Узнала Таня полувысохшую вербу, с которой когда-то прыгала в речку. Но там верещали малыши, и она пошла дальше. Разделась под тихими вербами и вошла в теплую воду…

Когда вышла из воды, круглая луна выглядывала из-за верб, над левадами стлался туман, в селе лаяли собаки, тонкий женский голос звал: «Степанко-о-о!.. Ужина-а-ать…»

Как будто не было ни горя, ни страданий людских, ни революций, ни передряг. Стоя на коленях, выкрутила и расчесала косы, как вдруг что-то треснуло под вербами. Взглянула настороженно в темноту. Забилось сердце — там метнулось что-то белое. «Ага, — усмехнулась, — испугалась водяного…»

Он ее поджидал на тропинке, которая вела через левады к селу. Подойдя поближе, Таня увидела — парень. Был он в вышитой сорочке, запыленных сапогах. На голове студенческая фуражка, из-под которой выбились кудри. Высокий, стройный, стоял, как в сказке или на картинке. Луна светила ему в лицо, оно казалось бледноватым, особенно четко вырисовывались юношеские усы.

— Так вы, оказывается, не русалка…

— И вы мне вначале показались сказочным перелесником.

— Третий вечер вижу вас здесь… в лунном сияньи…

Он шел рядом, шурша сапогами по траве, изредка отставал, обходя головки капусты, рассевшиеся у тропки, как хозяйки на ярмарке. Запахло чебрецом, васильками, и теперь Таня заметила в руках юноши букет полевых цветов.
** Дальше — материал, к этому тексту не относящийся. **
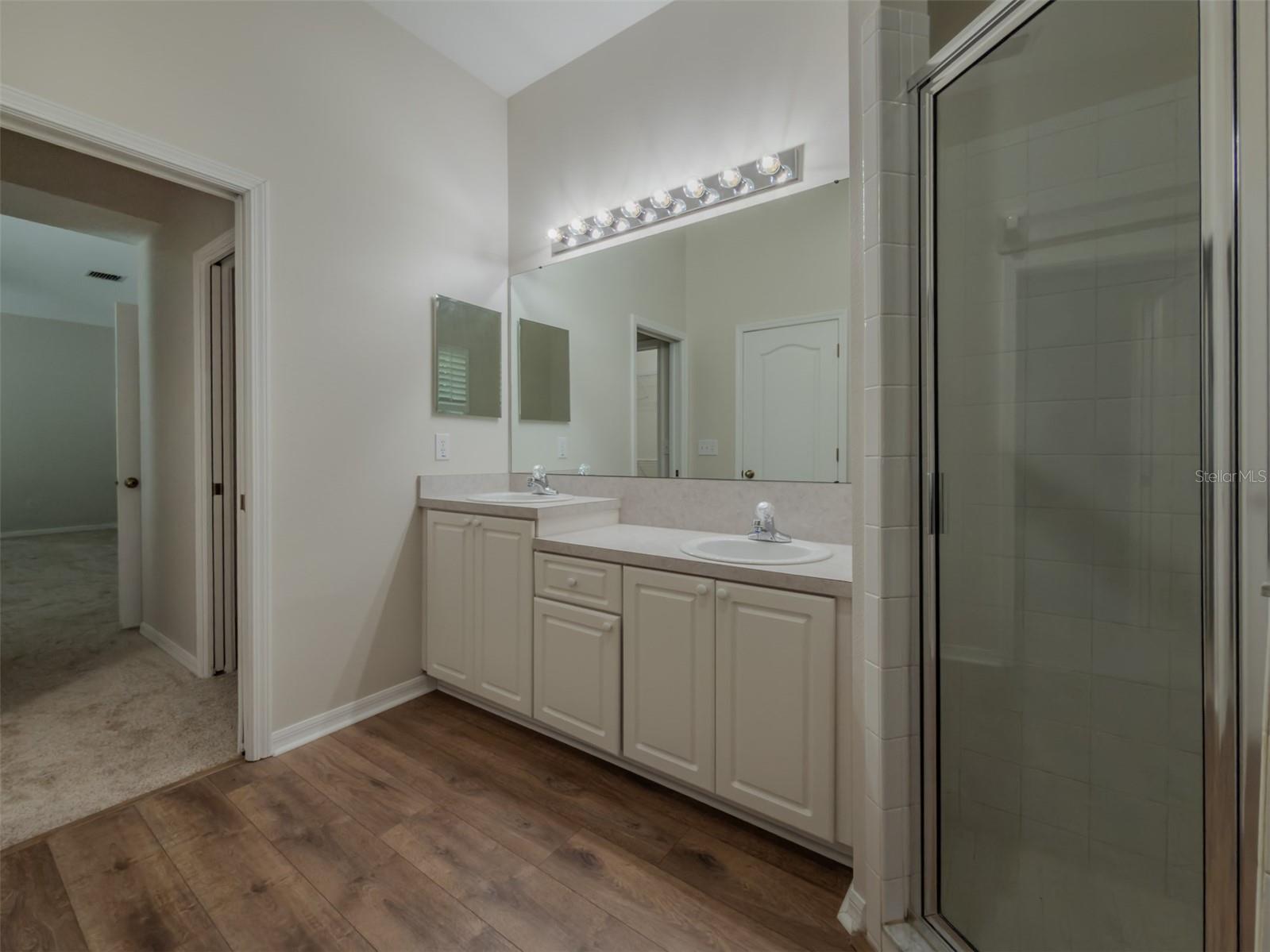 220 TAYLOR BAY LN — photo 34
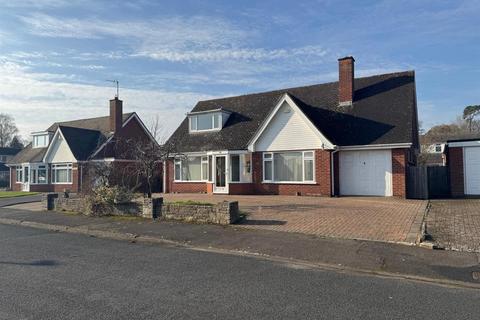 3 bedroom detached bungalow to rent, Simon De Montfort Drive, Evesham WR11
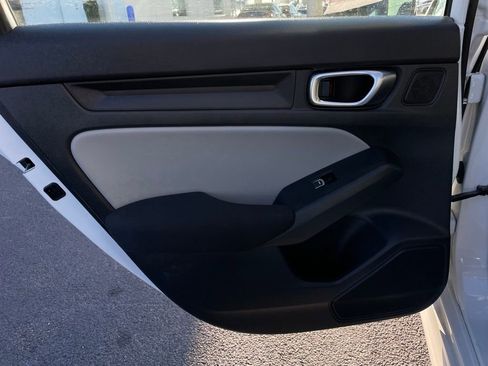 Certified 2025 Honda Civic Sport image 37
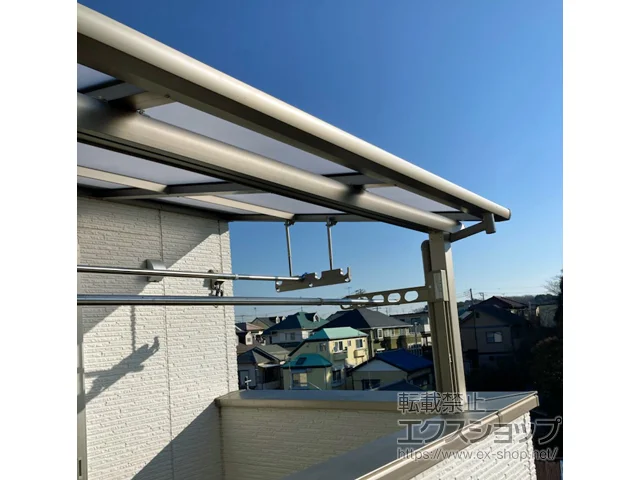 千葉県柏市のLIXIL(リクシル)のバルコニー・ベランダ屋根 スピーネ F型 屋根タイプ 単体 積雪～20cm対応 施工例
Он что-то спрашивал… Почему она купается вечером? И не боится? Ничуть?

— Вы на все лето?

— Нет, через два дня уезжаю.

Он замедлил шаги.

— Почему так скоро? Откуда вы и кто?

— Мы живем на Кубани…

Парень остановился и схватил ее за руку.

— Таня! Это ты? Такая царевна!

Она пригляделась и точно увидела вместо этого молодого парня темноволосого мальчишку. Вот он, мокрый, бредет по лужам и выкрикивает: «Иди, иди, дождик, сварю тебе борщик!..» А сверху льет, и пузыри на лужах вскакивают, а мальчуган шлепает по воде, разбрызгивает ее, и так это славно, что и маленькая Танюша побежала рядом, и вот они уже вместе выкрикивают: «Горшок разбился, дождик полился!..»

— Петрусь!

Они взялись за руки, будто хотели закружиться по-ребячьи в трибушечки.

— А я гляжу, Таня… такое родное… И кажется, я потерял что-то, искал — и вот нашел теперь…

— Ты студент? Учишься в университете? — с восхищением посмотрела на него Таня.

— Да! В Киевском… Недавно профессор Тимченко вспоминал твоего отца, как поборника украинской культуры. Они, оказывается, были друзьями…

— Петрусь, что там у вас?..

— Гудит, клокочет. У нас сейчас такая борьба!.. Группы… партии. Если бы ты знала, Таня!.. Одни за эсерами идут, а есть анархисты, монархисты.

— А ты?

— А я…

Петрусь посмотрел куда-то за село, и Таня узнала в сиреневых сумерках силуэт помещичьего дома, окруженного колоннадой тополей. Того самого, что горел тогда, в годы ее детства. К нему вел людей отец, и первым бежал за ним с косой в руках сухощавый, угрюмый человек — черные усы, сухой блеск темных глаз. Как напоминает Петрусь этого крестьянина!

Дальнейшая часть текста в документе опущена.